New Muslim Cool in Russia
By director/producer Jennifer Maytorena Taylor
I’m just back from a great international event – the Fifth Annual Golden Minbar Film Festival in Russia. Set in Kazan, the beautiful capital city of the republic of Tatarstan some 450 miles east of Moscow, the Golden Minbar is billed as the world’s biggest festival of Muslim cinema.
But to me the Golden Minbar Festival seemed much more than that. The films in the features, documentaries, and shorts categories came from all over the world, and not all were explicitly (or even implicitly) about Islam or Muslim issues.
The over-arching themes instead were about dialogue, crossing borders, globalization and displacement, and learning about each other in this complicated world far past our preconceived ideas.
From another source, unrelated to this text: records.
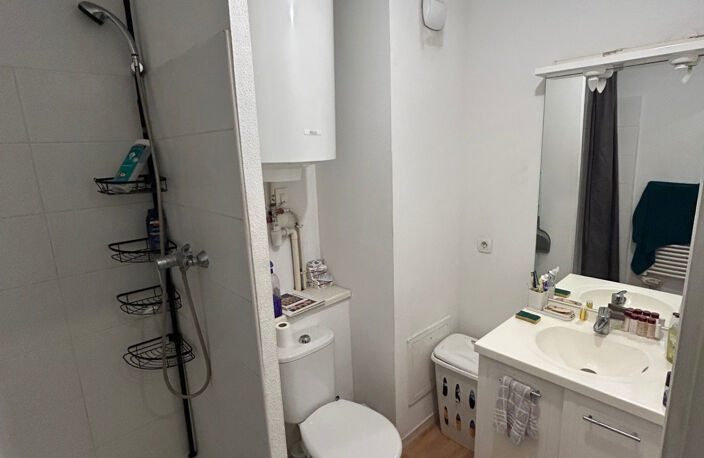 Villeurbanne, quartier Croix Luizet,  studio dans résidence — photo 3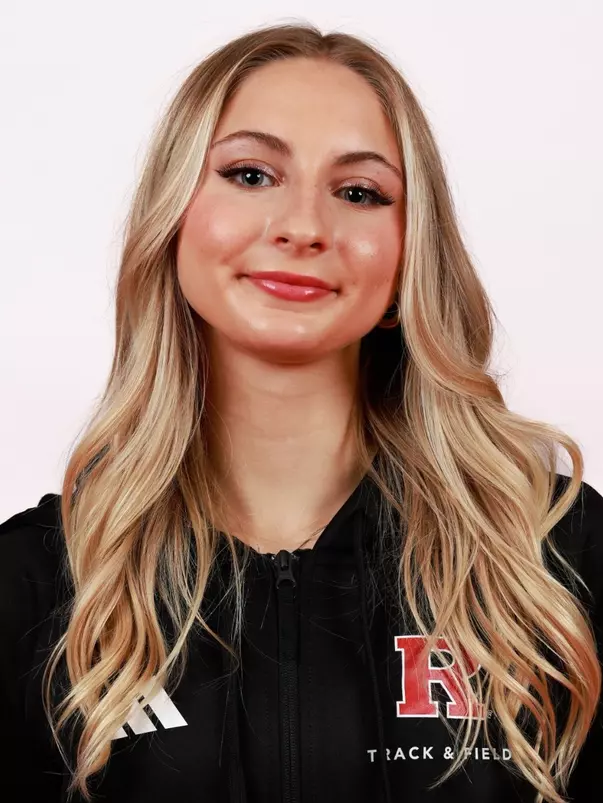 Ella Karolewski headshot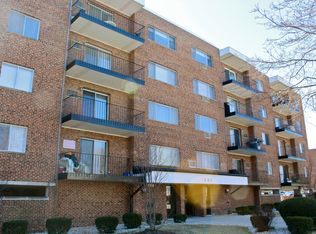 205 W Miner St APT 103, Arlington Heights, IL 60005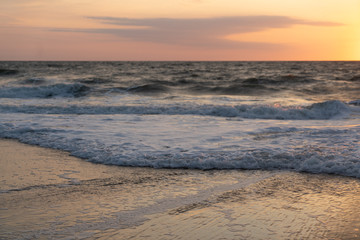 Fototapeta na wymiar Dawn at the shore line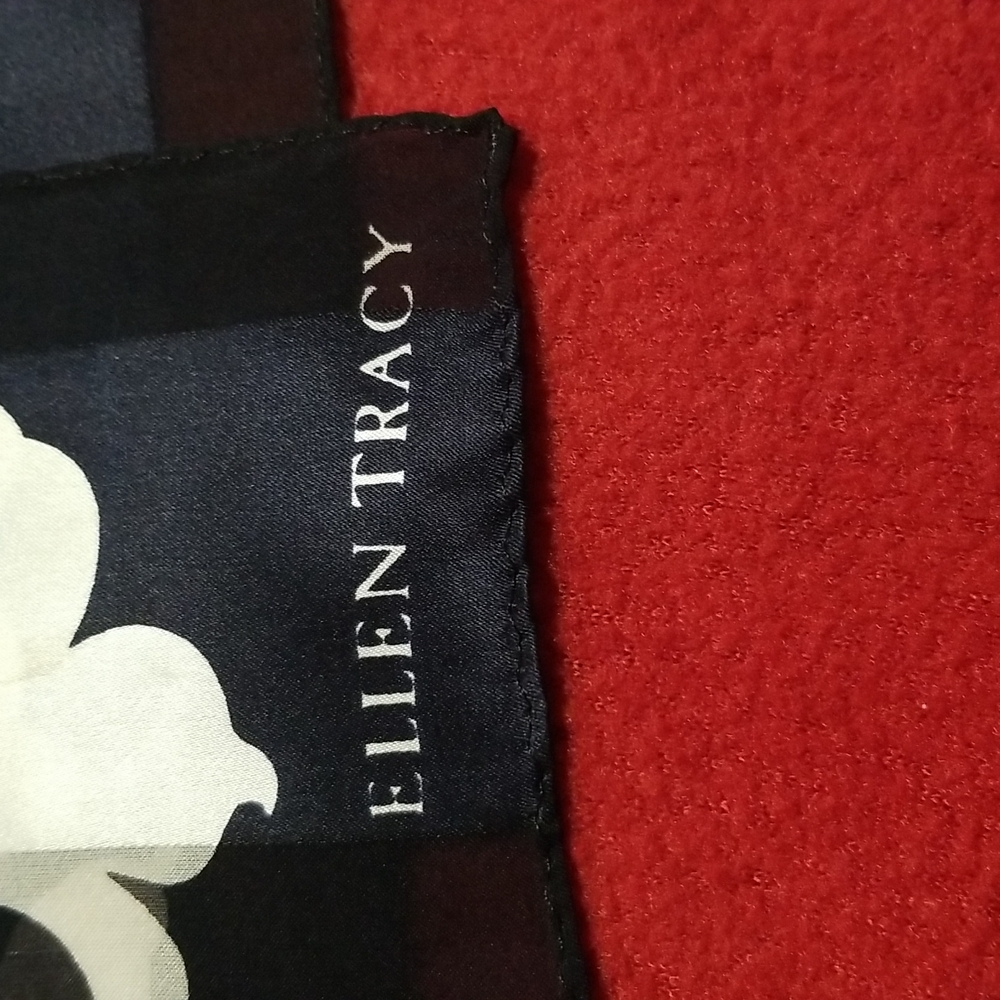 ALLEN TRACY 100% SILK SCARF - Picture 10 of 14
There were films dealing with Soviet history and Tatar traditions, Middle Eastern and Iranian history and contemporary issues, immigration, and the plight of children in Afghanistan, Africa, and Latin America.
Many of the films were somber, revealing deep anxieties and fissures between industrialized and developing countries. And yet the mood of the event itself was optimistic and even joyous, as participants gathered across national and religious lines of all kinds to see the films and learn about each other’s worlds.
Filmmakers and films came from such far-flung places as Iran, Bahrain, Poland, Hungary, Switzerland, Germany, Russia, Indonesia, Saudi Arabia, and Israel — and at any given time a group of people would represent at least six or seven countries. The audiences came from the very diverse communities that make up the city of Kazan –Russian, Tatar, Muslim, Christian, and many more.
I was amazed and delighted by the intense audience reactions to NEW MUSLIM COOL –the only documentary set in the United States – and was especially thrilled to see how many older people turned out for the film and really seemed to get it. They were really moved by the story of Hamza and his family and community, and all of the inter-faith and inter-community storylines.
The festival closed with a fabulous over-the-top gala featuring dancers and musicians in some very high production numbers mixing Vegas flash and Tatarstan tradition. We all got to ride for a block in limousines and emerge on the red carpet to legions of shouting fans – a definite first and likely a last for this documentary filmmaker.
So from all of us at NEW MUSLIM COOOL, thank you for that once-in-a-lifetime experience, Golden Minbar!